Достоверность, действительность, бесконечные подробности внутренней душевной жизни человека «проступают сквозь танец» Улановой. Мелодию Шопена она ощущает, как «поступательно развивающуюся мысль».
«Замечательно, что куда ни уводит нас Шопен, — писал Пастернак, — и что нам ни показывает, мы всегда отдаемся его вымыслам без насилия над чувством уместности… Все его бури и драмы близко касаются нас, они могут случиться в век железных дорог и телеграфа. Даже когда в фантазии… выступает мир легендарный… то и тут нити какого-то правдоподобия протягиваются от него к современному человеку».
«Шопениану» замечательно, с редкостным чувством стиля и формы танцевали А. Павлова, Т. Карсавина, А. Ваганова, Е. Гердт, Е. Люком и многие другие. Но, пожалуй, никто до Улановой не мог с такой убедительностью протянуть эти тонкие «нити какого-то правдоподобия» от легендарного мира сильфид к современному человеку.

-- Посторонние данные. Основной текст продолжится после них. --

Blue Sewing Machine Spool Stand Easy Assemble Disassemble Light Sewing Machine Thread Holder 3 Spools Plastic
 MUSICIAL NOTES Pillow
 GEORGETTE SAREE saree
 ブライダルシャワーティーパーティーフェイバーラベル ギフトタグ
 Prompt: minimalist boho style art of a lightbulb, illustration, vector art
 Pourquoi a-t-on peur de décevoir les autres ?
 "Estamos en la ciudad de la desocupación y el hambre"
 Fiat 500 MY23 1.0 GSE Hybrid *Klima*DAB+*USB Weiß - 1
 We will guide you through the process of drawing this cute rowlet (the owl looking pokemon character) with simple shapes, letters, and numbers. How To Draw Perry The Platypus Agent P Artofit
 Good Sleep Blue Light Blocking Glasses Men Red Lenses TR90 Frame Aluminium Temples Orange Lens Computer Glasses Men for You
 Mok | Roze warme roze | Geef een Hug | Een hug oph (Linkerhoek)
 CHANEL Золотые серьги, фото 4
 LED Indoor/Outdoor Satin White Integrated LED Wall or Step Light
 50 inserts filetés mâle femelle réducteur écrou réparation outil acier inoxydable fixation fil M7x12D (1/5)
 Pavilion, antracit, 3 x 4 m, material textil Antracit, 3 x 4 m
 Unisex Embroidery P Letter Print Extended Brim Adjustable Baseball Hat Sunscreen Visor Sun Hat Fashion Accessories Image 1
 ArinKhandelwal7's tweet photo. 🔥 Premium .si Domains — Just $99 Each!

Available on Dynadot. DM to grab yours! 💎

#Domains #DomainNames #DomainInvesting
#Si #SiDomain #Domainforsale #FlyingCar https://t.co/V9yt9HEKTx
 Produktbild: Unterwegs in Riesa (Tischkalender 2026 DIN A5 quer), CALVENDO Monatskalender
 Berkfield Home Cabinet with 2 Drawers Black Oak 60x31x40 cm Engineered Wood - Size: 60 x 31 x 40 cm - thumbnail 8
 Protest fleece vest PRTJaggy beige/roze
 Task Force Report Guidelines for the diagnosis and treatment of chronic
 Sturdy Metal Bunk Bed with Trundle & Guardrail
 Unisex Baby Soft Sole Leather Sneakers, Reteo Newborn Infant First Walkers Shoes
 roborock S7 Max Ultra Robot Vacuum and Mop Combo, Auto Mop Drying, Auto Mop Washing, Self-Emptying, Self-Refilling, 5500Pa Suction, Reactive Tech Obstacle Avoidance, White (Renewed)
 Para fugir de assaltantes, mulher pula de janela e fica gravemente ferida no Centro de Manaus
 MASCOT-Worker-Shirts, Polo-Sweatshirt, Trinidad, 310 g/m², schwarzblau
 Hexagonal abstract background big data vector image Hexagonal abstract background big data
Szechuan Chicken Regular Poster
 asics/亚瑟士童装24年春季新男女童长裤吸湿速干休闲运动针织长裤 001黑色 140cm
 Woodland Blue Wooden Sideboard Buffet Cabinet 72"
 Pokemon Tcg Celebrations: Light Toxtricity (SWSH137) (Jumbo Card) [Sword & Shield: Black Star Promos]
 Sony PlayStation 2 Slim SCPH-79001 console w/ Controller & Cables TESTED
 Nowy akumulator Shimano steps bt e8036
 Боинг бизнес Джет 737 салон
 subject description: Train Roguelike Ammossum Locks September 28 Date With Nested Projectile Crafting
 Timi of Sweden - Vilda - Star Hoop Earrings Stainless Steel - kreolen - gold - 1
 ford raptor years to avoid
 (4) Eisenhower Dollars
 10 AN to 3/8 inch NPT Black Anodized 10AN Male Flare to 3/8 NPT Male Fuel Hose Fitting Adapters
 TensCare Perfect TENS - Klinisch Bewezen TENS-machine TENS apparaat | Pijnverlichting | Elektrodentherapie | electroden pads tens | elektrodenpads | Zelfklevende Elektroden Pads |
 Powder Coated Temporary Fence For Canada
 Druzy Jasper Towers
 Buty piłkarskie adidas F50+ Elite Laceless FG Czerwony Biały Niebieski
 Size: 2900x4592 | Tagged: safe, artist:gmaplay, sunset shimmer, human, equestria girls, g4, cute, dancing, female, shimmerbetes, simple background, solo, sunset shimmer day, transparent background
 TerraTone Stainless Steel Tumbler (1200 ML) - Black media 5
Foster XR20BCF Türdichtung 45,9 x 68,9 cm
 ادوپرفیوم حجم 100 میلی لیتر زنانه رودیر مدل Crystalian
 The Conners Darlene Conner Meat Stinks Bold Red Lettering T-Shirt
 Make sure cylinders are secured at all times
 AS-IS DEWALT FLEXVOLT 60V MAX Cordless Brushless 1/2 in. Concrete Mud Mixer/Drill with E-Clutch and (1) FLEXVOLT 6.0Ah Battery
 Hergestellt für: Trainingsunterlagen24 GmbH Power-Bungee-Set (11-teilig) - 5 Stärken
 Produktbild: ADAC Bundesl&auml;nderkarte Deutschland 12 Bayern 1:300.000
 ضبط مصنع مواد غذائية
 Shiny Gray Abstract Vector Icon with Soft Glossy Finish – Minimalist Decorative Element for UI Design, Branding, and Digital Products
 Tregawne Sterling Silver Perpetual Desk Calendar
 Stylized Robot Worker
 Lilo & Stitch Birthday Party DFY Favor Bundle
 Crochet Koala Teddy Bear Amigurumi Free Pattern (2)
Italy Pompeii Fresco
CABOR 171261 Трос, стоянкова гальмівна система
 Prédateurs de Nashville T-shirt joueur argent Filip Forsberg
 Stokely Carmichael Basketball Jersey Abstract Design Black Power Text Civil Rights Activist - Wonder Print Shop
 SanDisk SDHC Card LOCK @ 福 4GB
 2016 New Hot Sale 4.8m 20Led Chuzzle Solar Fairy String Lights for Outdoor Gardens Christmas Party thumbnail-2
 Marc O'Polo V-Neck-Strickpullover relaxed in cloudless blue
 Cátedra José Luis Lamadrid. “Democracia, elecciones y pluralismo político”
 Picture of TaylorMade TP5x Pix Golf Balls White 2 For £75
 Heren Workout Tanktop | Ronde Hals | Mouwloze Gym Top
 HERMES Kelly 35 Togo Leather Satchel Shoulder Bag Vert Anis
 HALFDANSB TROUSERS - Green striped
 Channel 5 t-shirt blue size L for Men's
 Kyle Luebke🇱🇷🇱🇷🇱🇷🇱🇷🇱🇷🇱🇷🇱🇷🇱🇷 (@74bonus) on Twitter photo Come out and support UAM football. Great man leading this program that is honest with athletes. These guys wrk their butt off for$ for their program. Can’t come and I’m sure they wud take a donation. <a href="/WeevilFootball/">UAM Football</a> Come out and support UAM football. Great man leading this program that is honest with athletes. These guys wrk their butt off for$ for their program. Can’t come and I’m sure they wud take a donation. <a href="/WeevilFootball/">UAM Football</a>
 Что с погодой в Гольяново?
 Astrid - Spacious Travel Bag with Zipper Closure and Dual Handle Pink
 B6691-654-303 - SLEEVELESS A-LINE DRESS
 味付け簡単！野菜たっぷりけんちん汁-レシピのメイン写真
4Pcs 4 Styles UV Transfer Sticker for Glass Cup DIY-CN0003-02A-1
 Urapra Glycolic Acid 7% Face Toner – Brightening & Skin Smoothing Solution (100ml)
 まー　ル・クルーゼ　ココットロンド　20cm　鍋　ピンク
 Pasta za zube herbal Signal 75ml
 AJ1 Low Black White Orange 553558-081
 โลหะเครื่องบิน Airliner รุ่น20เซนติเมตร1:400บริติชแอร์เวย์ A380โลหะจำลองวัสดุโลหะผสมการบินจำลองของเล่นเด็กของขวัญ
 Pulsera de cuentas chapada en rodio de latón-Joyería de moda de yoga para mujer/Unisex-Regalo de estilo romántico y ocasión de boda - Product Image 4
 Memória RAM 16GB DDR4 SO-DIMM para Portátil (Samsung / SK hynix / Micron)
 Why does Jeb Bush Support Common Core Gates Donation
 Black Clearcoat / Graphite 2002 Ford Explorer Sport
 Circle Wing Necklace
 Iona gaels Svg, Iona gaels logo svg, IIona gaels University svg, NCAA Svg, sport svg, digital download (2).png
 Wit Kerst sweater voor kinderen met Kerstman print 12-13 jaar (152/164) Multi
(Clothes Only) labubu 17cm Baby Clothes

Я не раз говорил о реализме Улановой. Его глубина заключается не только в конкретной жизненной, исторической достоверности ее образов. Что такое природа реализма в музыке, в танце?
В своей замечательной статье о Шопене Б. Пастернак писал: «Говоря о реализме в музыке, мы вовсе не имеем в виду иллюстративного начала музыки, оперной или программной. Речь совсем об ином.
Везде, в любом искусстве, реализм представляет, по-видимому, не отдельное направление, но составляет особый градус искусства, высшую ступень авторской точности. Реализм есть, вероятно, та решающая мера творческой детализации, которой от художника не требуют ни общие правила эстетики, ни современные ему слушатели и зрители».
Реализм Улановой — это тоже «особый градус искусства», высшая ступень точности, та мера творческой детализации, которой до нее не знал балет, которой не требовала его эстетика, не ждал от него зритель. Вот почему ее творчество воспринималось как открытие, откровение, как гениальное исключение из множества привычных балетных правил.